In August South Korea became the first major world economy to effectively stop Apple and Google from charging commissions on in-app purchases.
It happened after South Korea’s parliament amended its ‘Telecommunications Business Act’ in order to stop Google and Apple from forcibly charging software developers up to a 30 percent commissions on in-app purchases.
The ‘Telecommunications Business Act’ went into force last month, after it was approved in a vote in South Korea’s parliament in late August, with 180 voting in favour out 188 attending.
Now Reuters is reporting that a South Korean government official is warning of a possible investigation into the iPhone maker’s compliance.
Apple reportedly already told the South Korean government that it was already complying and did not need to change its app store policy, a Korea Communications Commission (KCC) official in charge of the matter told Reuters.
“This goes against the purpose of the amended law,” the official said, requesting anonymity as the KCC was still in talks with Apple on compliance.
The regulator would ask Apple’s South Korean unit for a new company policy giving greater autonomy in payment methods.
If Apple fails to comply, the regulator would consider measures such as a fact-finding probe as a precursor to possible fines or other penalties, it is being reported.
Apple did not immediately reply to a request for comment.
Google meanwhile has reportedly told the KCC that it planned to comply with the law, including allowing third-party payment systems, and would discuss the matter with the regulator starting next week, the KCC official said.

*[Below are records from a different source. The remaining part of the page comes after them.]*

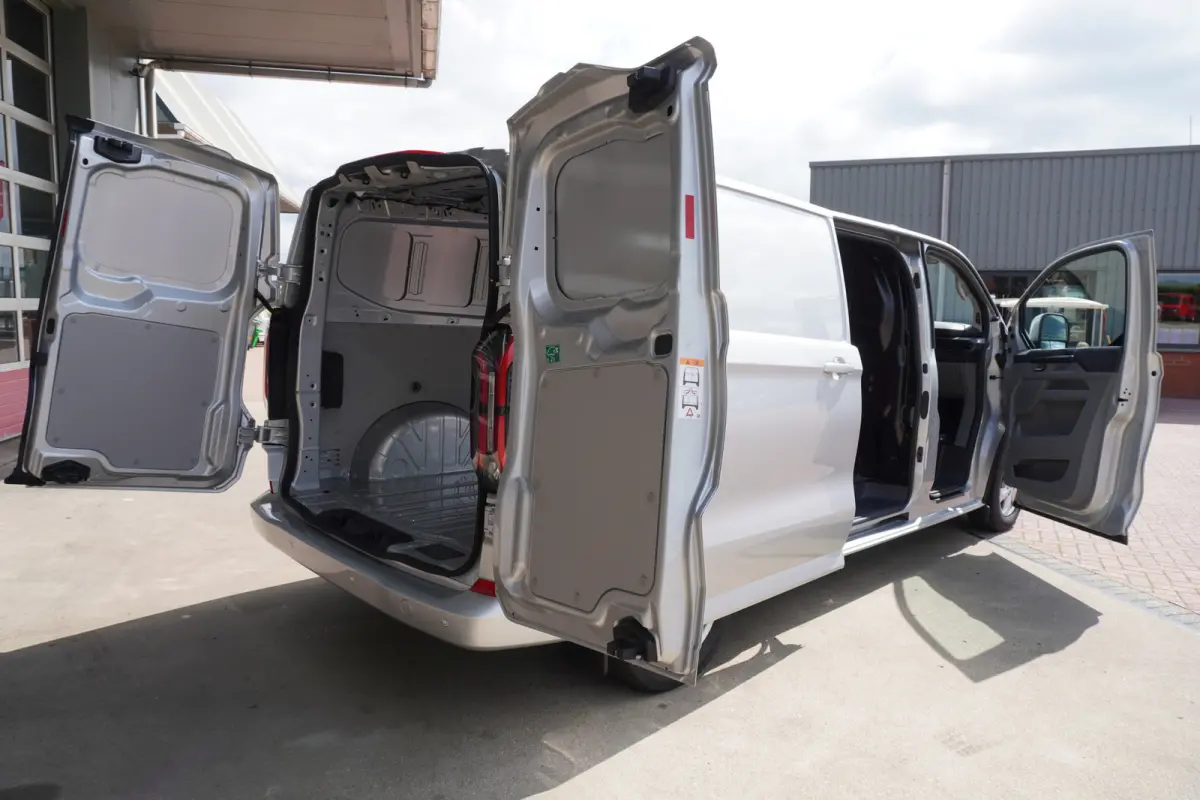 Cust. 340 L2H1 Limited 71 kWh 218PK Automaat nr. V089 | Airco | Adap.Cruise | Navi | camera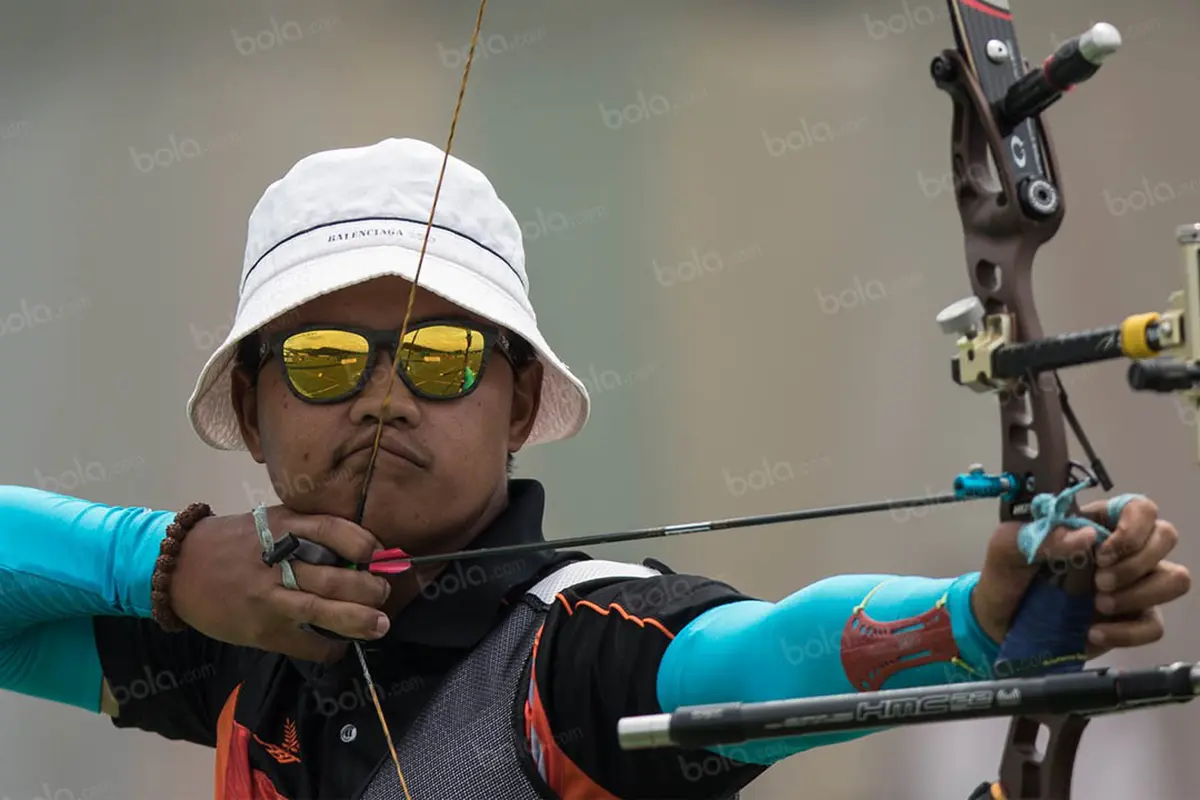 Riau Ega Agatha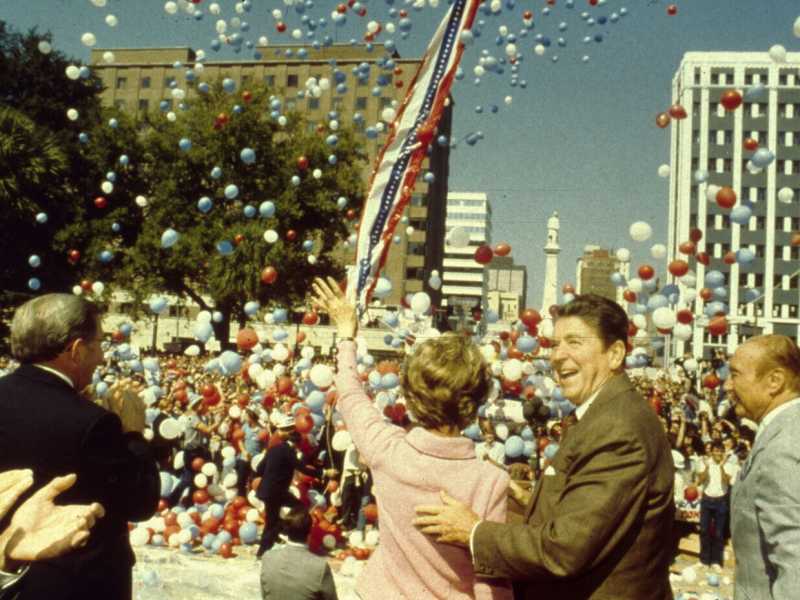 Ronald Reagan e sua moglie Nancy con il senatore Strom Thurmond durante la campagna presidenziale (Foto di MPI/Getty Images)&nbsp;<br />
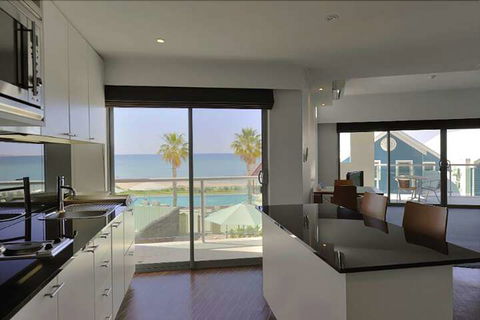 Sea Side 112 - Accommodation Newcastle 3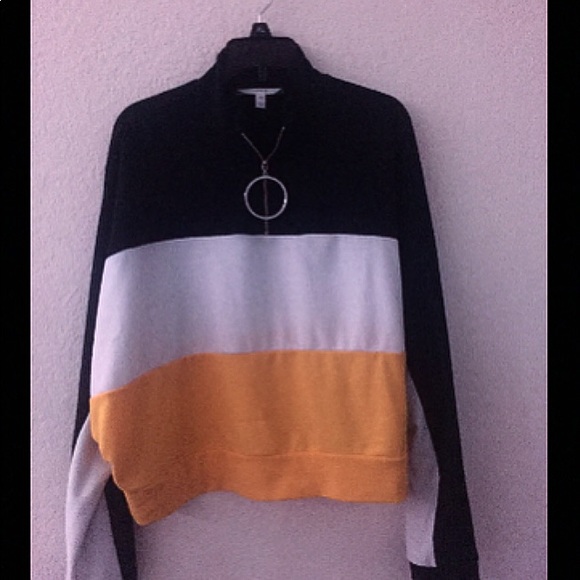 Cropped long sleeved shirt - Picture 2 of 2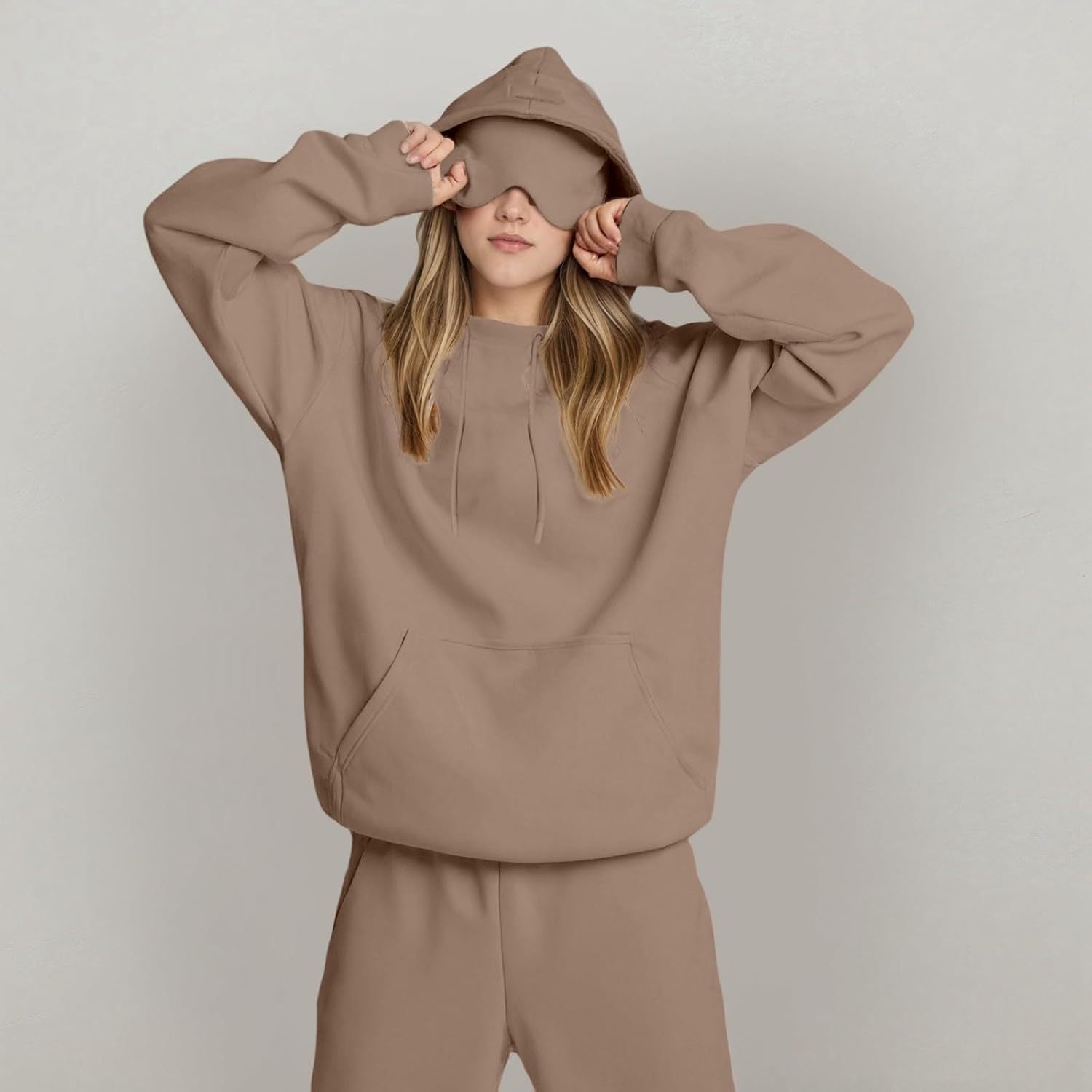 Cozy Oversized Solid Color Hoodie with Relaxed Fit and Practical Pockets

This is evidenced by the ongoing legal action between Apple and Epic Games, the developer of the game Fornite.
And it is worth noting that Apple and Google’s worldwide domination of in-app purchases is facing challenges outside of South Korea as well.
In March this year, the UK’s Competition and Markets Authority (CMA) launched an investigation into Apple following complaints that its terms and conditions for app developers are unfair and anti-competitive.
It comes after the European Commission in June 2020 also opened two formal antitrust investigations into Apple, over its App Store and Apple Pay.
On the other side of the pond, a bipartisan trio of US senators proposed a bill meant to ease the tight control they believe Apple and Google exert on the app market.
That is at the federal level, but some US states are pursuing their own clampdowns.